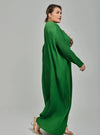 A woman dressed in Emerald Tun Aimellia Pleated Maxi Dress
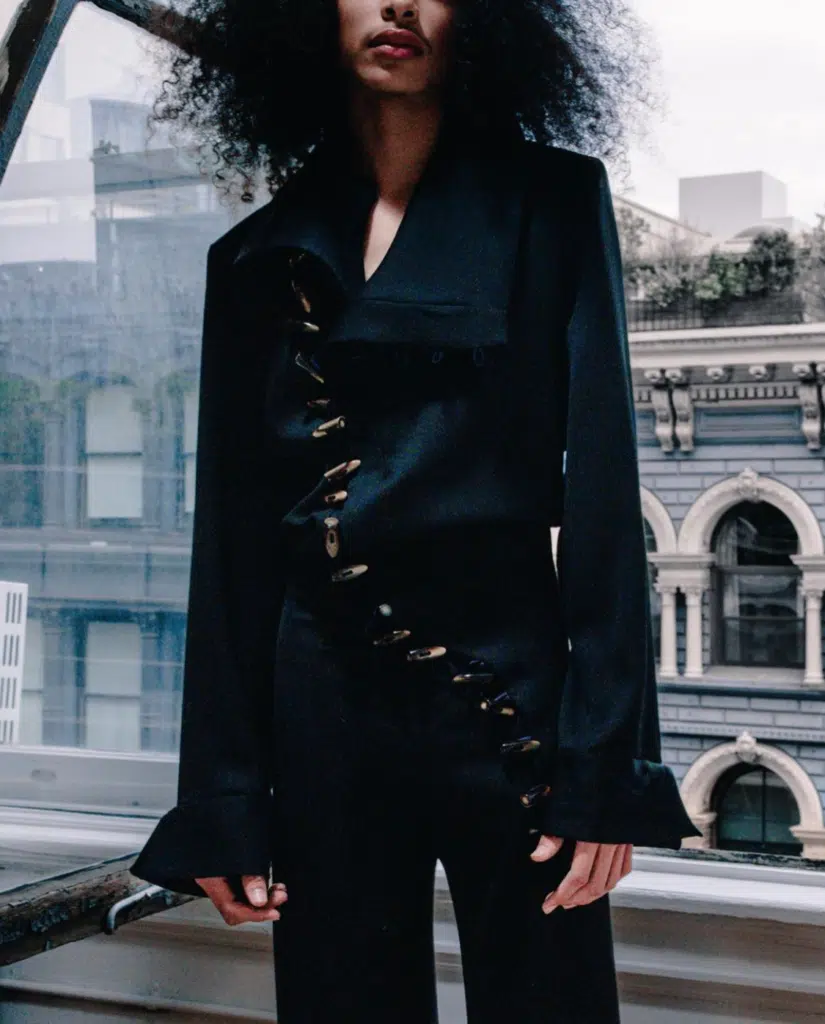 A woman in black shirt and pants standing next to window.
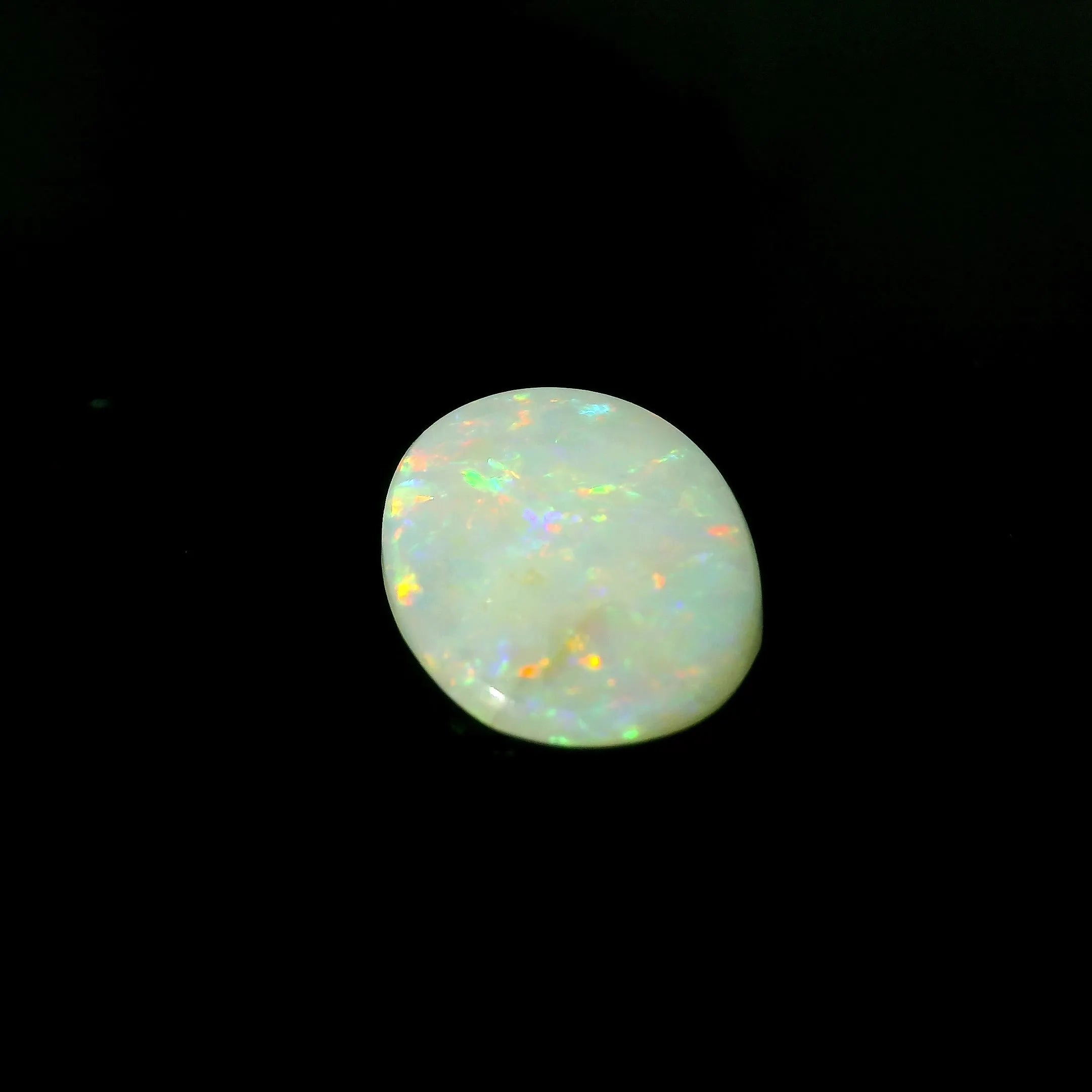 2.47ct Oval Natural Opal (Colour White, Clarity Moderately Included, Cut Cabochon)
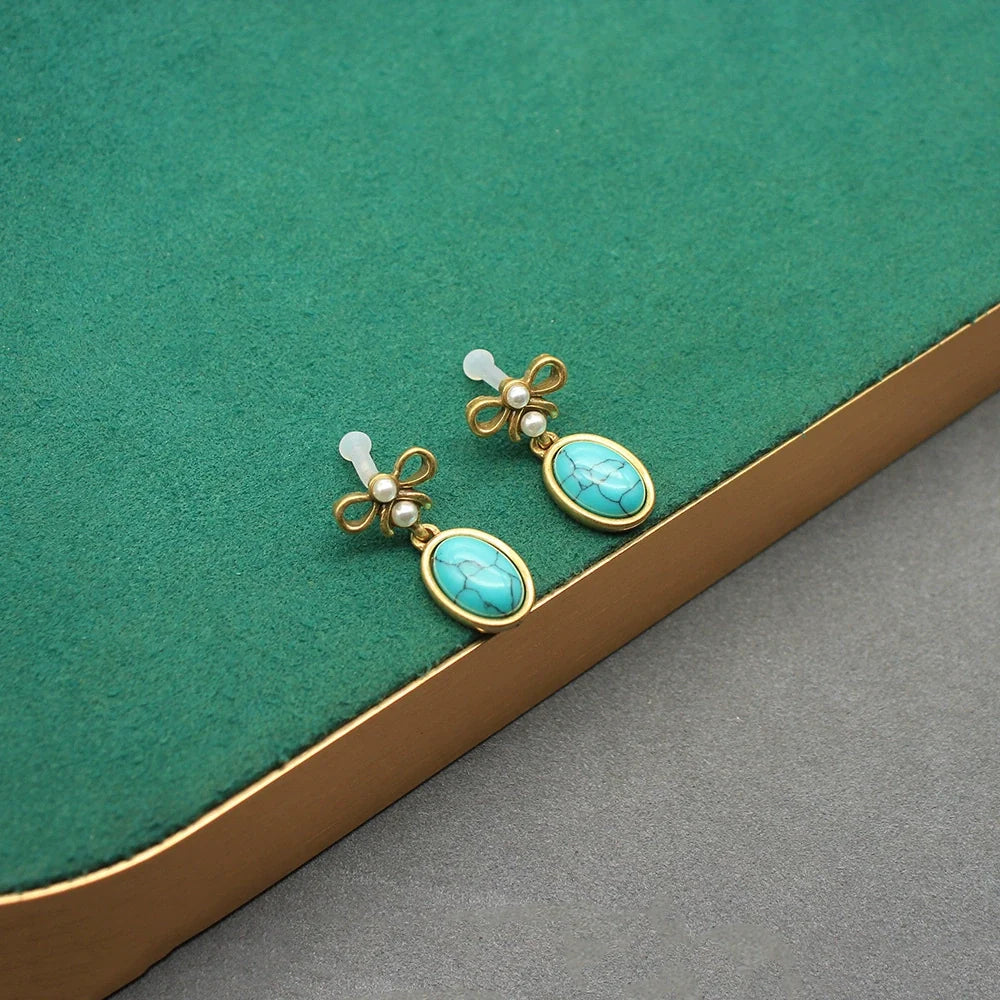 Vintage turquoise oval glass drop earrings with gold bow tops and pearl accents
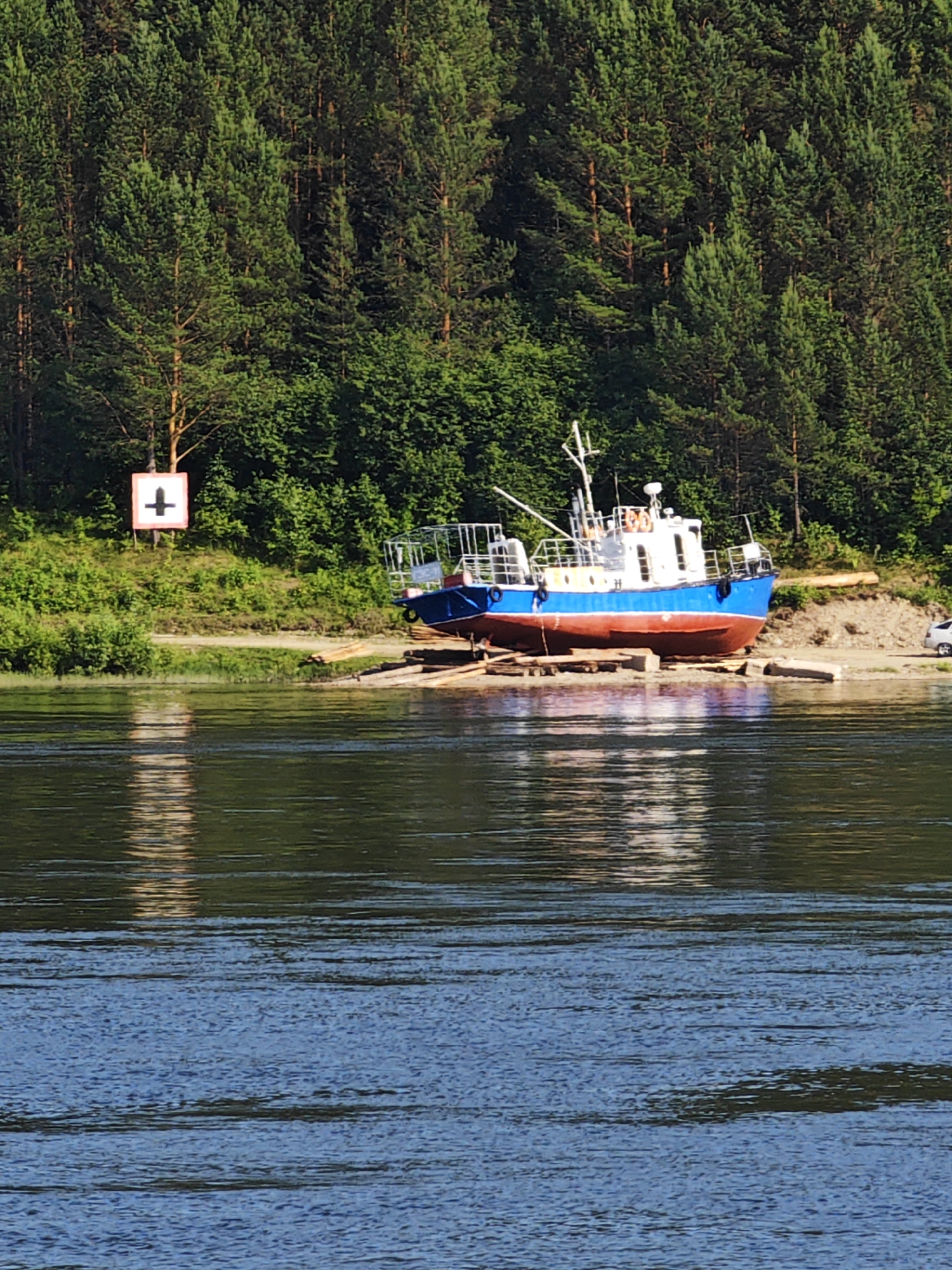 A blue and red vessel is beached on the shore of the Chulym River, adjacent to the city of Predivinsk, Russia. The vessel rests on a wooden support structure. A green forest borders the riverbank. A white and red sign with a black cross symbol is visible on the bank. The water reflects the surrounding trees.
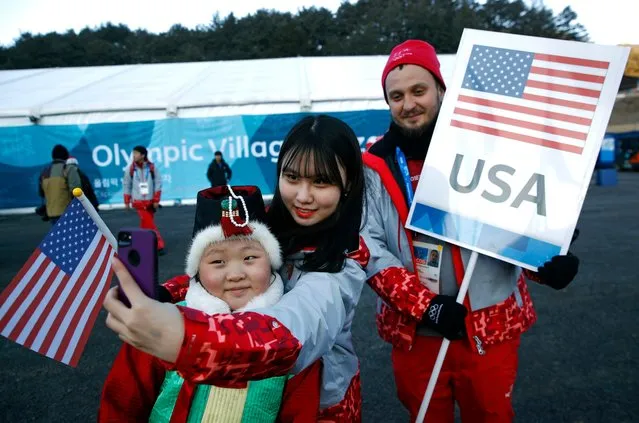Volunteers pose for a selfie before participating in a welcome ceremony for the United State Olympic Team inside the Pyeongchang Olympic Village prior to the 2018 Winter Olympics in Pyeongchang, South Korea, Tuesday, February 6, 2018. (Photo by Patrick Semansky/AP Photo)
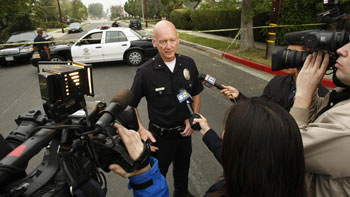 LAPD Cmdr. Andrew Smith addresses reporters at a 2013 news conference. Officials in Green Bay, Wisc., announced Tuesday that they had selected Smith as their next police chief. (Al Seib / Los Angeles Times)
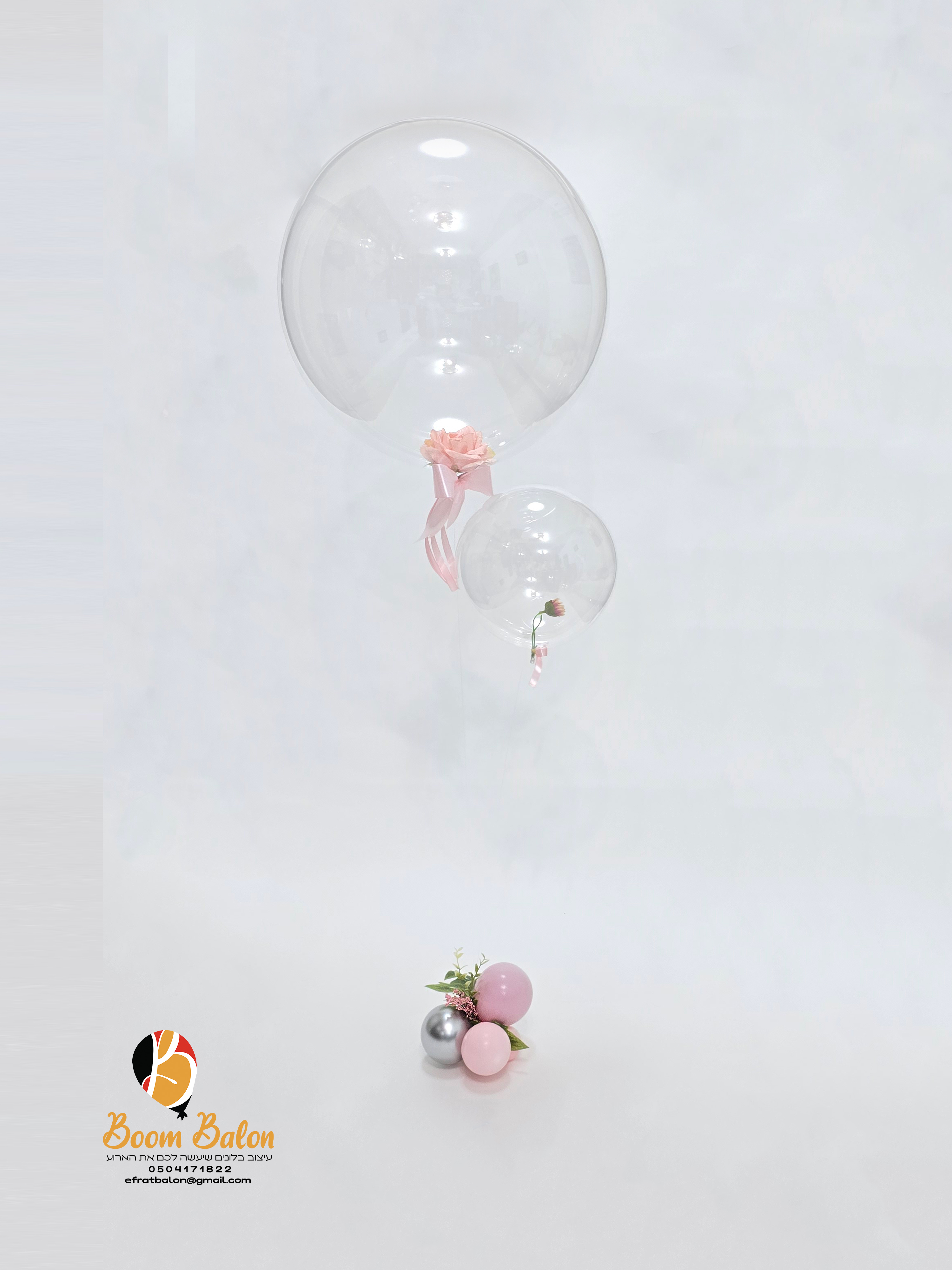 מרכז שלחן שקוף עפ פרחים.jpg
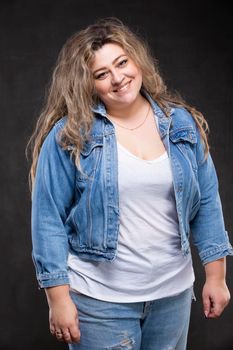 A beautiful fat woman in a denim jacket looks at the camera and smiles on a gray background.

_ _ _

To do:
Exactly repeat the material from its first line through the line with "A blue and red", including both, and leave the pictures and everything else out.

Written response:
 A woman dressed in Emerald Tun Aimellia Pleated Maxi Dress
 A woman in black shirt and pants standing next to window.
 2.47ct Oval Natural Opal (Colour White, Clarity Moderately Included, Cut Cabochon)
 Vintage turquoise oval glass drop earrings with gold bow tops and pearl accents
 A blue and red vessel is beached on the shore of the Chulym River, adjacent to the city of Predivinsk, Russia. The vessel rests on a wooden support structure. A green forest borders the riverbank. A white and red sign with a black cross symbol is visible on the bank. The water reflects the surrounding trees.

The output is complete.